11.3.1 Classification
Classification assigns observations to predefined categories. Given a set of labeled training data, a classification model learns to predict the category of new observations.
Common algorithms: Decision trees, support vector machines (SVM), naive Bayes, k-nearest neighbors (KNN), and neural networks.
Business application: In banking, classification models assess credit risk by analyzing income, employment history, and repayment records to categorize loan applicants as “high risk” or “low risk.” This informs lending decisions, interest rates, and required collateral.
11.3.2 Clustering
Clustering groups similar observations together without predefined labels — it discovers natural groupings in the data rather than predicting known categories.
Common algorithms: K-means, hierarchical clustering, DBSCAN, and spectral clustering.
Business application: Retailers use clustering to segment customers by purchasing behavior. One cluster might represent frequent, high-spending shoppers; another might represent occasional bargain hunters. Each segment receives tailored marketing, improving engagement and conversion rates.

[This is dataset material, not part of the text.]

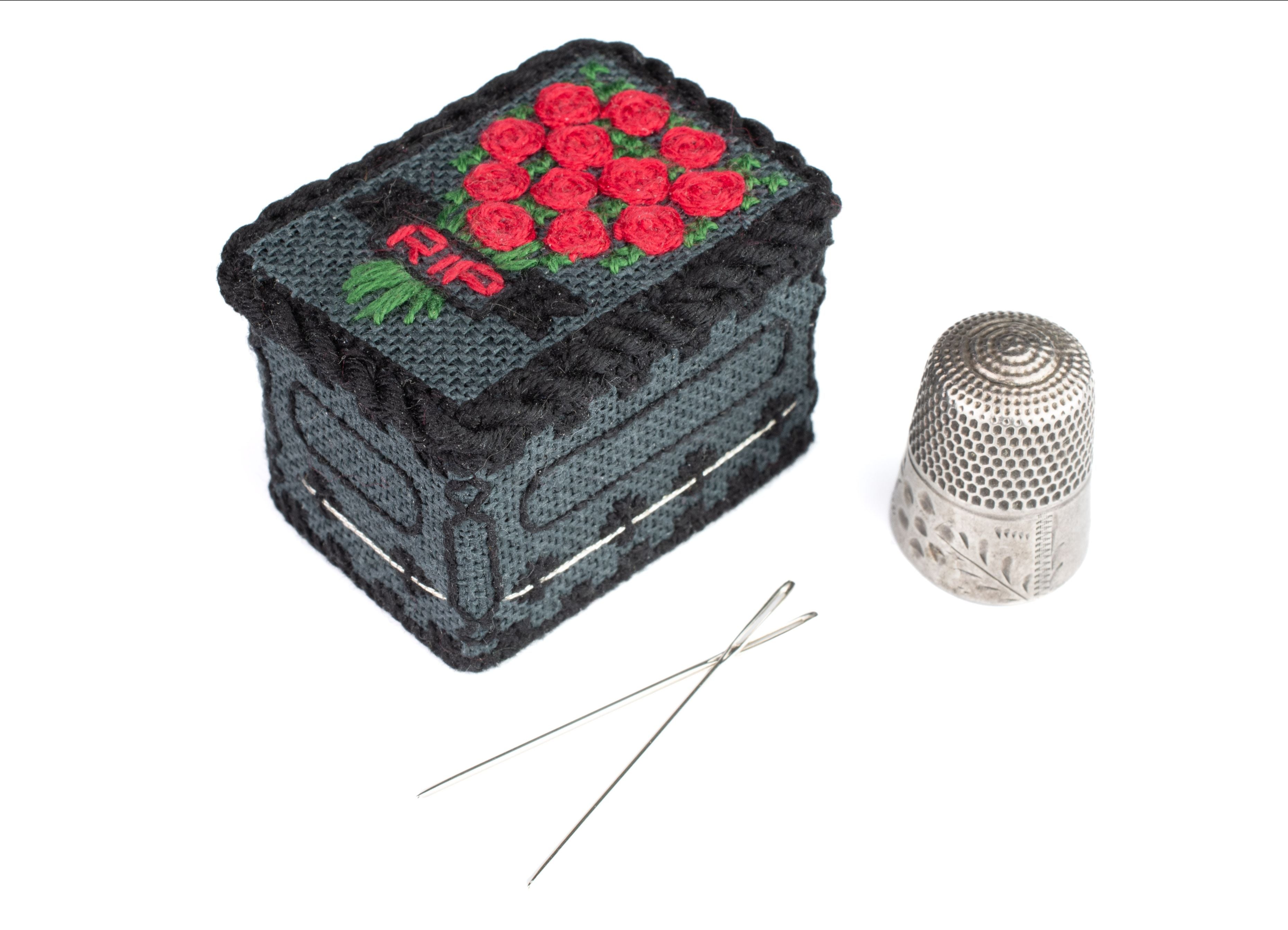 Casket Pattern Needle Casket Pattern – Colour and Cotton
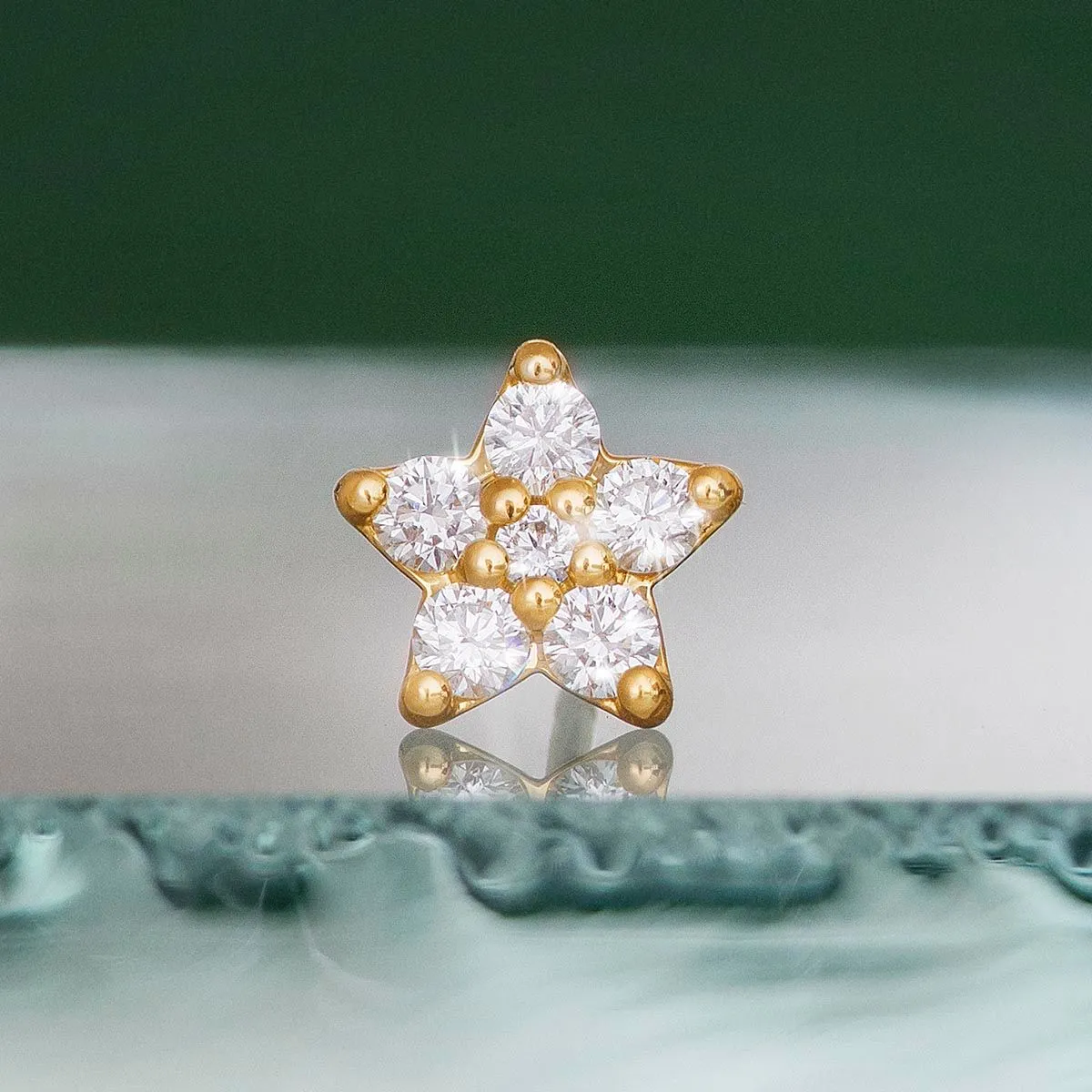 Large Shooting Stars 18K Gold Studs w. Diamonds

11.3.3 Association Rule Learning
Association rule learning discovers relationships between variables in transactional data — which items tend to appear together.
Common algorithms: Apriori, FP-Growth, and Eclat.
Business application: Market basket analysis reveals that customers who buy pasta frequently also buy tomato sauce and cheese. Retailers use these rules to optimize store layouts, create bundle promotions, and power online recommendation engines.
11.3.4 Regression in Data Mining
While regression was introduced in Chapter 9 as a statistical modeling technique, it also plays a role in data mining when applied to large-scale prediction tasks with many potential predictors.
Common techniques: Linear regression, polynomial regression, ridge and lasso regression (for regularization), and support vector regression.
Business application: A clothing retailer uses regression to forecast seasonal sales by incorporating past sales figures, weather data, economic indicators, and promotional calendars. Accurate forecasts drive inventory decisions, staffing plans, and marketing budgets.
11.3.5 Anomaly Detection
Anomaly detection identifies observations that deviate significantly from the expected pattern — the data points that do not fit.
Common algorithms: Statistical methods (z-scores), isolation forests, one-class SVM, DBSCAN (points not in any cluster), and autoencoders (neural networks that flag high reconstruction error).
Business application: Financial institutions use anomaly detection to flag potentially fraudulent transactions — a sudden large international purchase on an account that typically makes small local transactions. In network security, anomaly detection identifies unusual traffic patterns that may indicate a cyberattack.
A simple R demonstration of anomaly detection using z-scores:
# Detect anomalies in mtcars MPG using z-scores
mpg_mean <- mean(mtcars$mpg)
mpg_sd <- sd(mtcars$mpg)
mtcars$z_score <- (mtcars$mpg - mpg_mean) / mpg_sd
mtcars$anomaly <- abs(mtcars$z_score) > 2
# Show the flagged anomalies
mtcars |>
filter(anomaly) |>
select(mpg, wt, cyl, z_score) |>
arrange(desc(abs(z_score)))| mpg | wt | cyl | z_score |
|---|---|---|---|
| 33.9 | 1.83 | 4 | 2.29 |
| 32.4 | 2.2 | 4 | 2.04 |
Observations with z-scores beyond ±2 are flagged as potential anomalies — they fall in the tails of the distribution. In Chapter 12, we apply more sophisticated anomaly detection methods (linear regression residuals, KNN, and random forests) to the Absenteeism dataset.
A brief demonstration of k-means clustering:
# Cluster cars by fuel efficiency and weight
car_data <- mtcars |> select(mpg, wt) |> scale()
set.seed(42)
km <- kmeans(car_data, centers = 3, nstart = 25)
mtcars |>
mutate(Cluster = factor(km$cluster)) |>
ggplot(aes(x = wt, y = mpg, color = Cluster)) +
geom_point(size = 3) +
labs(title = "K-Means Clustering: Cars by Weight and MPG",
x = "Weight (1000 lbs)", y = "Miles per Gallon") +
theme_minimal()
The algorithm discovers three natural groups without being told what they are — lightweight fuel-efficient cars, mid-range cars, and heavy gas-guzzlers. A BI analyst might apply the same technique to segment employees by absence patterns, customers by purchasing behavior, or products by sales characteristics.